» WHAT YOU ARE ASKED TO DO: Word for word, repeat all the entries below, but without the pictures.
⟨
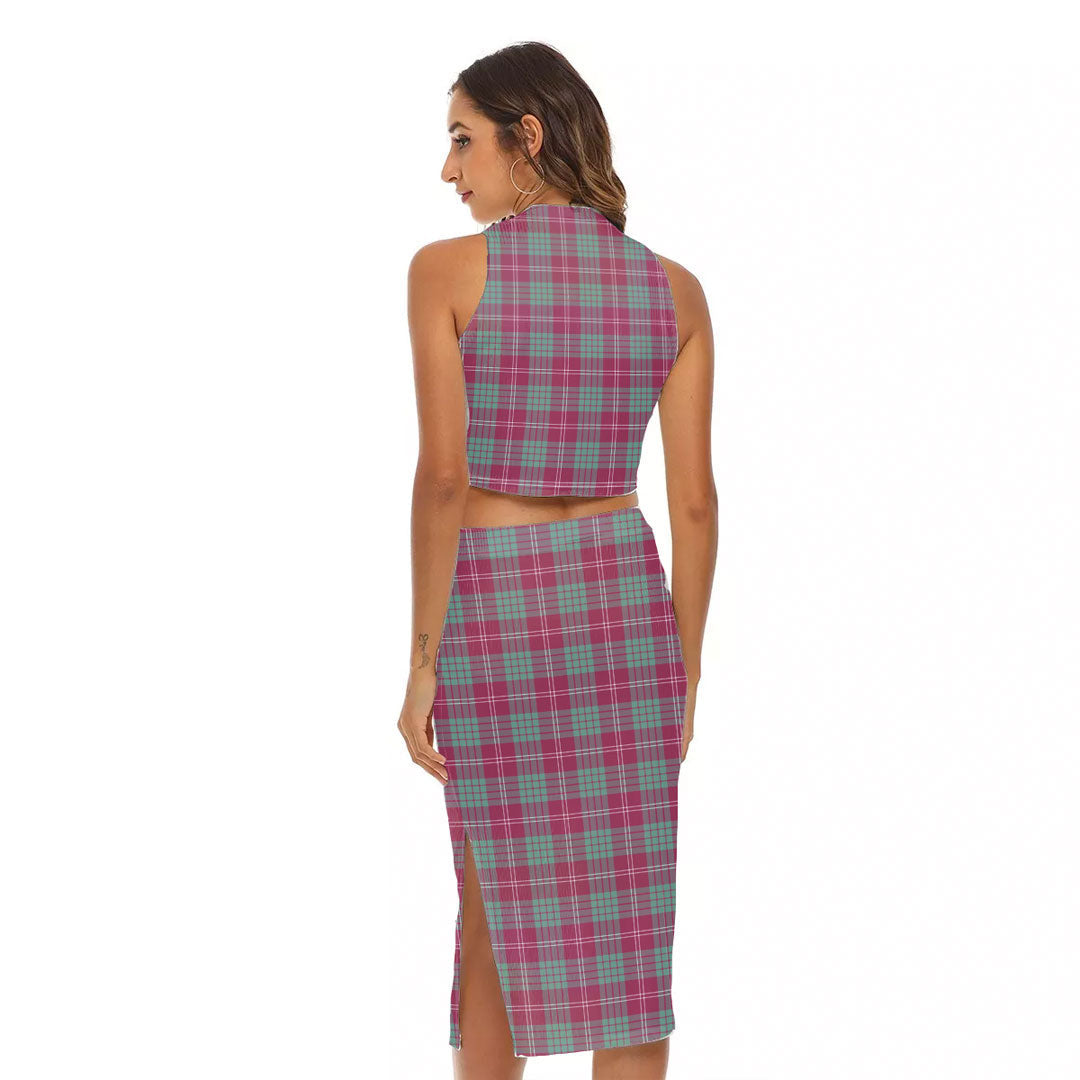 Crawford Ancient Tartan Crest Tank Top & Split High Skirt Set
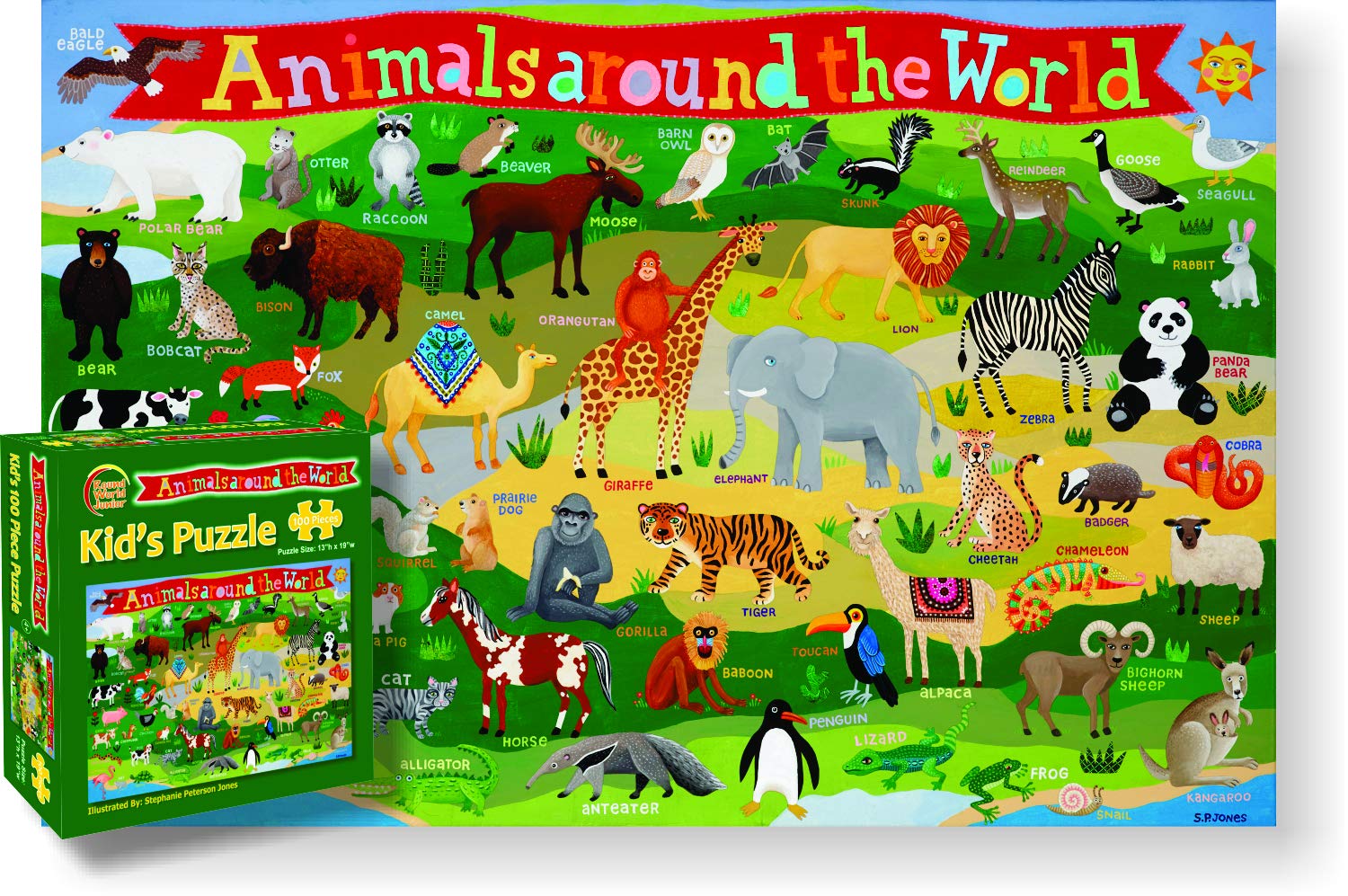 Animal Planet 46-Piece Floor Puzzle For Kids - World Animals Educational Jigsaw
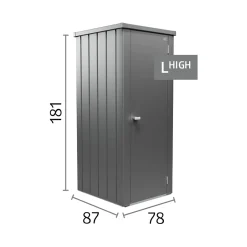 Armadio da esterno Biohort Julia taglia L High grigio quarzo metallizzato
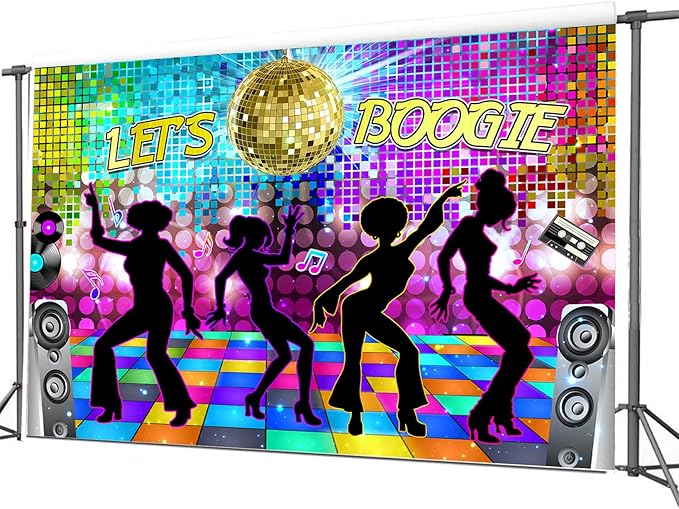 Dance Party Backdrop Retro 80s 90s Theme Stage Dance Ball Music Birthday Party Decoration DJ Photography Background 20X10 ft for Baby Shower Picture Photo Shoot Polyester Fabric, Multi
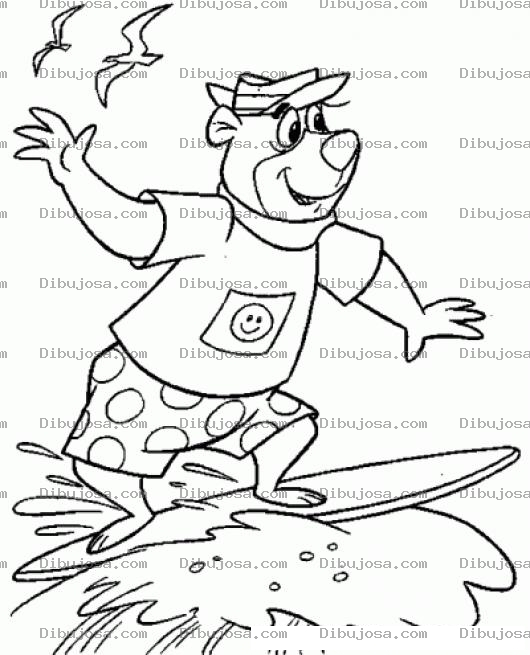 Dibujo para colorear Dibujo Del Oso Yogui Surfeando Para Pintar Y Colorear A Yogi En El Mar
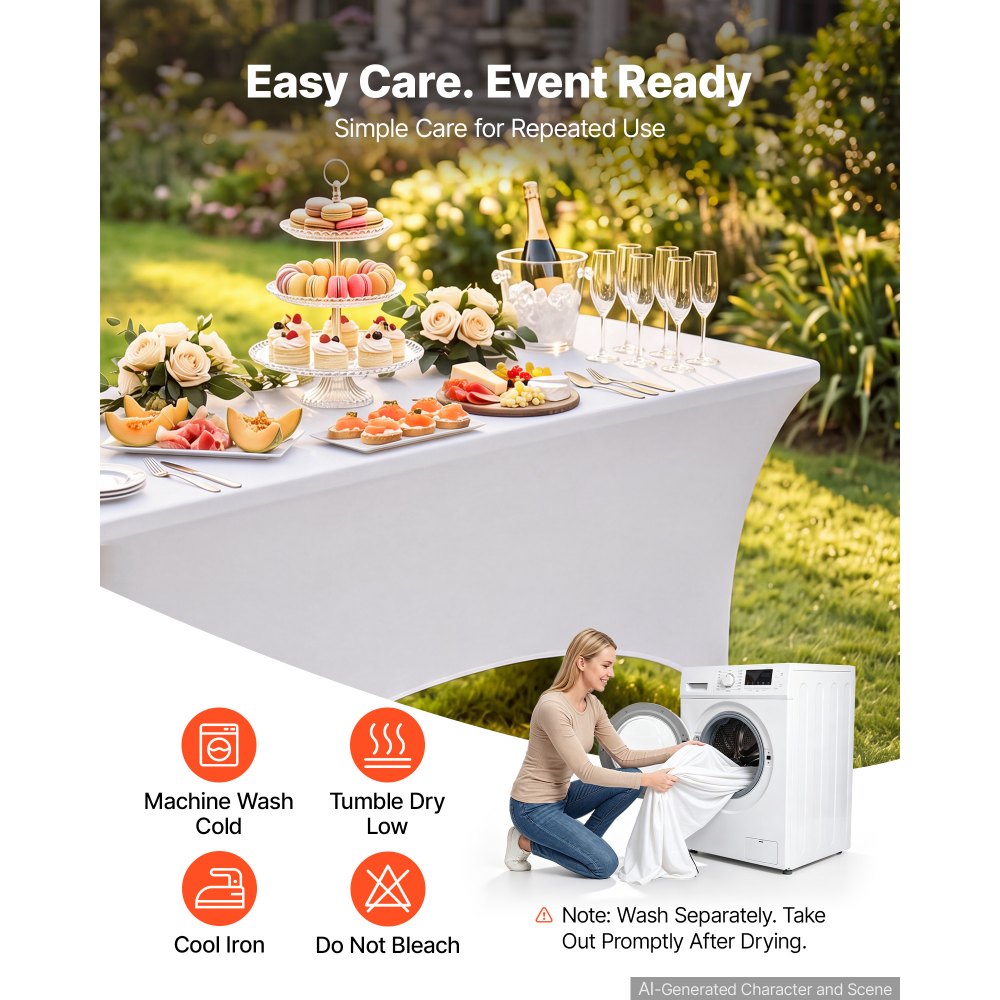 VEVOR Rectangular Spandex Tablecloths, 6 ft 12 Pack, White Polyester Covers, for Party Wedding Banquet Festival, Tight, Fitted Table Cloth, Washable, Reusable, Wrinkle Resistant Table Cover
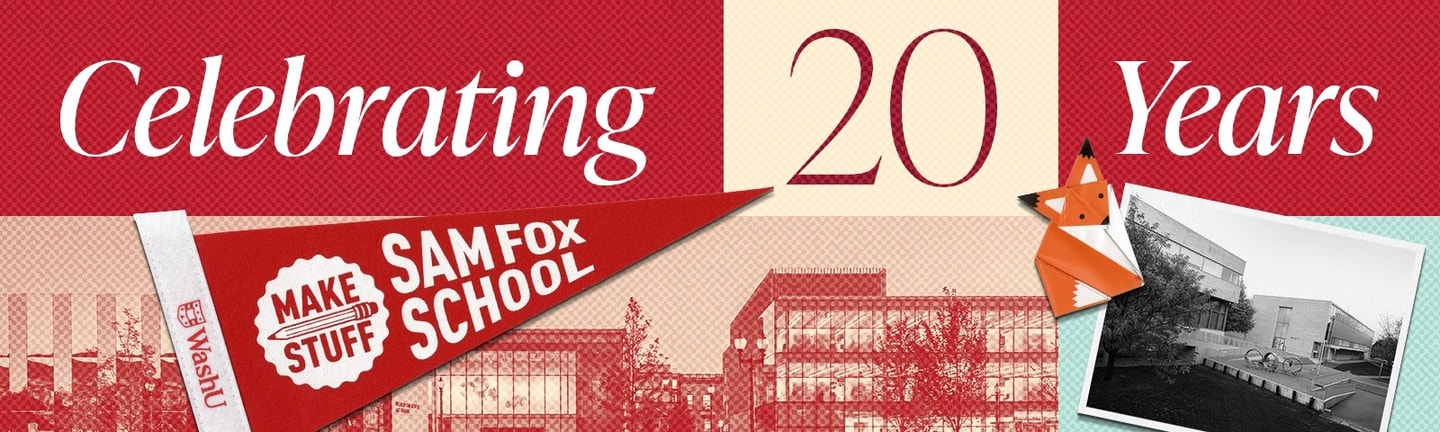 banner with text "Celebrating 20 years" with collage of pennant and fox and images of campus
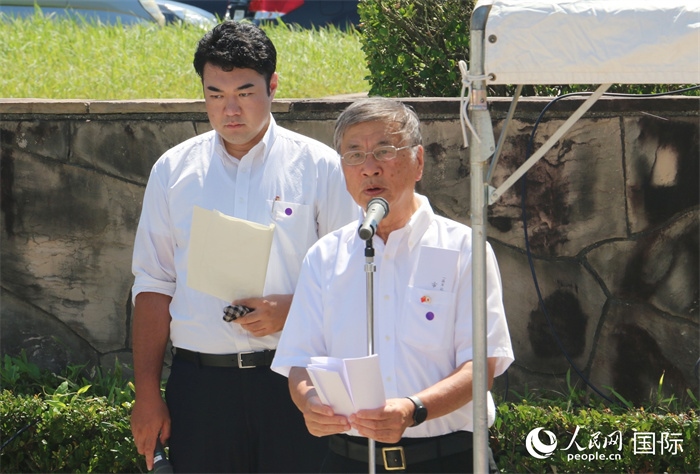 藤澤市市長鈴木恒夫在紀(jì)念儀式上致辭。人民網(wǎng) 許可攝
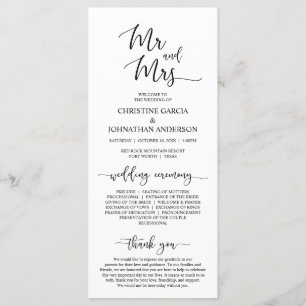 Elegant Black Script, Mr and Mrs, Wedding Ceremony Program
⟩
» ANSWER FOR THE TASK:
 Crawford Ancient Tartan Crest Tank Top & Split High Skirt Set
 Animal Planet 46-Piece Floor Puzzle For Kids - World Animals Educational Jigsaw
 Armadio da esterno Biohort Julia taglia L High grigio quarzo metallizzato
 Dance Party Backdrop Retro 80s 90s Theme Stage Dance Ball Music Birthday Party Decoration DJ Photography Background 20X10 ft for Baby Shower Picture Photo Shoot Polyester Fabric, Multi
 Dibujo para colorear Dibujo Del Oso Yogui Surfeando Para Pintar Y Colorear A Yogi En El Mar
 VEVOR Rectangular Spandex Tablecloths, 6 ft 12 Pack, White Polyester Covers, for Party Wedding Banquet Festival, Tight, Fitted Table Cloth, Washable, Reusable, Wrinkle Resistant Table Cover
 banner with text "Celebrating 20 years" with collage of pennant and fox and images of campus
 藤澤市市長鈴木恒夫在紀(jì)念儀式上致辭。人民網(wǎng) 許可攝
 Elegant Black Script, Mr and Mrs, Wedding Ceremony Program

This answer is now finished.